I've been back twice since my first visit and found it open last week (Jul 14). It's a disappointing interior with the exception of the nave hammerbeam roof with angels - which I failed to record as I was in a hurry to get home...I'll try again next time I'm up this way.

ST PETER. With one of the only two round towers of Cambridgeshire (cf. Bartlow). The Snailwell tower is Norman throughout, of flint and pebble rubble as is the rest of the church too. Tall short nave with clerestory, lower chancel. Externally much renewed (by Rowe 1878). The chancel and S aisle E.E. (lancet windows), the N aisle early C 14. At that time also some of the chancel lancets were given Dec tracery (windows, especially the very handsome E window, internally shafted and with head-corbels for the hood-mould). C14 arcade of three bays with octagonal piers and double-chamfered arches. Chancel arch and window of 1878. - Perp clerestory and hammerbeam roof. Alternately the hammerbeams rest on the usual arched braces, and come out of the wall without them. In the latter case they have figures against their undersides. - ROOD SCREEN. With single-light divisions, ogee arches and little tracery above them. The finial of the doorway arch reaches above the cornice. - PARCLOSE SCREEN. With handsome cusped ogee-arches and very closely set panel tracery above. - SCULPTURE. Elaborately foliated E.E. cross sunk in a spandrel of the S arcade. - MONUMENT. Low tomb-chest with quatrefoil decoration in a recess in the chancel N wall. Cusped and crocketed ogee-arch with pinnacles l. and r.

St Peter (2)

SNAILWELL. From a dark pool here the Snail creeps forth to become a sluggish river winding to the fens. The pretty little village dreams among fine trees, elms and chestnuts shading the tiny green and keeping company with the creepered walls and rose-bowered porch of the church.
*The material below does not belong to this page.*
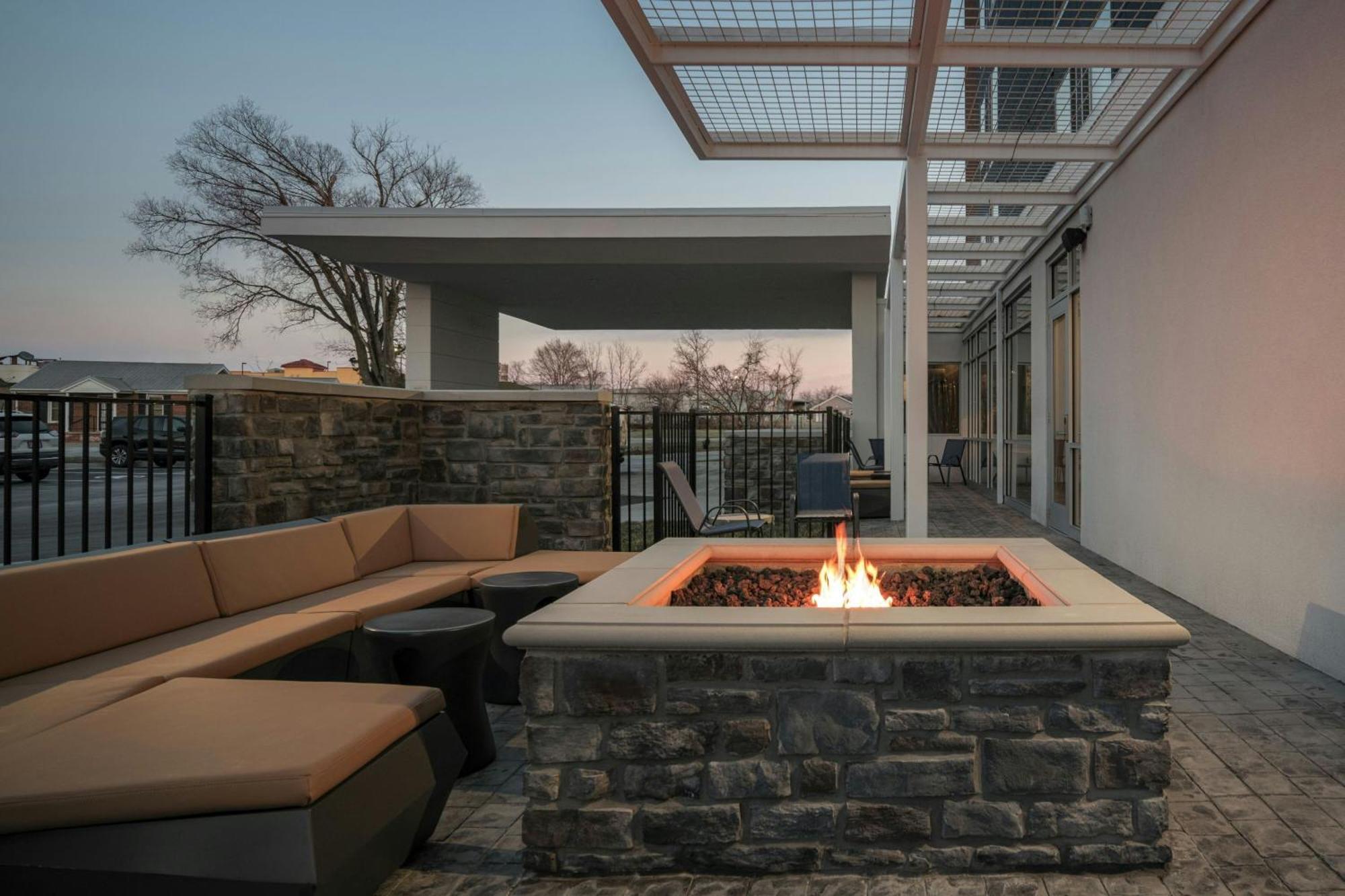 Springhill Suites By Marriott Lexington Frankfort Exterior foto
A very curious thing we found in this small shrine of St Peter, a tiny jewelled box on the altar with a few grains of sand in it from Jerusalem. On the wall also hang four Great War medals of Sir Kildare Borrowes, whose brother was vicar here.

The church has one of the two Norman round towers in the county, just topping the high-pitched roof of the nave. The rest of the church comes from the 14th century, but it has been much restored. There are two medieval oak screens, pews with old poppyheads, a 600-year-old font, a jumble of old glass in the modern porch, and a lovely old relic of stone carving set above an arch; it is a stone cross delicately pierced and set in a roundel. The beautiful hammerbeam roof has three rows of carving in its wall-plate, and on the ends of the beams are six old wooden figures, three bishops and three men with shields. A medieval gravestone in the churchyard is that of a 15th century priest. It was found in the wall of the church. On the wall is a memorial to James Baker, who was clerk for 50 years.

From this small place William Flower went out to die for his i faith in 1555; he was martyred in St Margaret’s churchyard, Westminster. It was a bitter sight, for, his hand having been struck off at the stake, he was then knocked down into the fire, there not being enough faggots to burn him.